Employment dilemma?

Prime Minister has asked the employment task force to create more employment opportunities in the country. The news is welcome.

There was the talk of a 100 percent employment and then of full employment not so long ago.  These promises have not faded from public memory.

Whatever they mean in political terms matter not much to the people. What matters is that unemployment is increasingly becoming a big issue in this our small society.

When thousands of our young people are increasingly becoming jobless, we are hitting ourselves at the knees. We must never make ourselves weak. It is time we talked some sense instead of talking big.

That there are so many jobs available in the country is what we have have been hearing for so long. And of the mismatch between aspiration and opportunity. Still we haven’t been able to make a good marriage of the two.

Let there be no shadow between commitment and reality.

If the task force has not been able to decide yet where our focus on job creation should be, it has  done a pathetically poor job. The government is no longer the biggest employer it used to be.  But where is our private sector today?

We have recognised that private sector growth is the main driver of the economy. Yet we have not had the courage to let it rise from the ground. Whose weakness is that?

Let there be no shadow between commitment and reality.

The fact is, we have just too many restrictions to allow economic growth. Credit facilities are too small with big obligations. We have relaxed some rules, but we can do more if real economic growth is to happen.

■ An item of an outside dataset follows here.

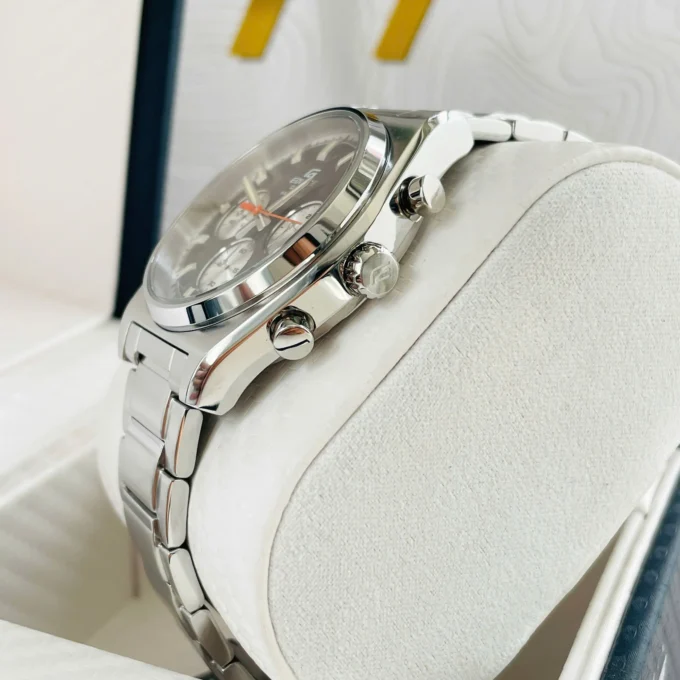 Montre Casio Homme EFB-730D-1AVUDF – Collection Edifice – Chronographe, Acier Inoxydable, Étanche 100m, Bracelet Métal, Cadran Noir – Référence EFB-730D-1AVUDF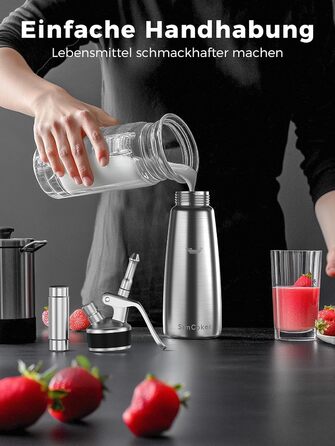 Диспенсер для вершків 500 мл SimCoker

Economic growth can be defined in many ways. But the economic growth that creates no employment opportunities is not a healthy economy. Hydropower pulls our economic status, but how many Bhutanese do such big projects employ?

According to the labour ministry’s projection, 82,000 jobs must be created to maintain unemployment rate of 2.5 percent. The existence of mismatch between available job opportunities and jobseekers’ aspiration cannot be the government’s argument anymore.

It falls on each member of the employment task force to now come up with sensible and workable recommendations.  Sooner it is done, the better.

Growing unemployment is a sign of weak economy. Frail and spindly economy is the greatest national threat. Economy is sovereignty.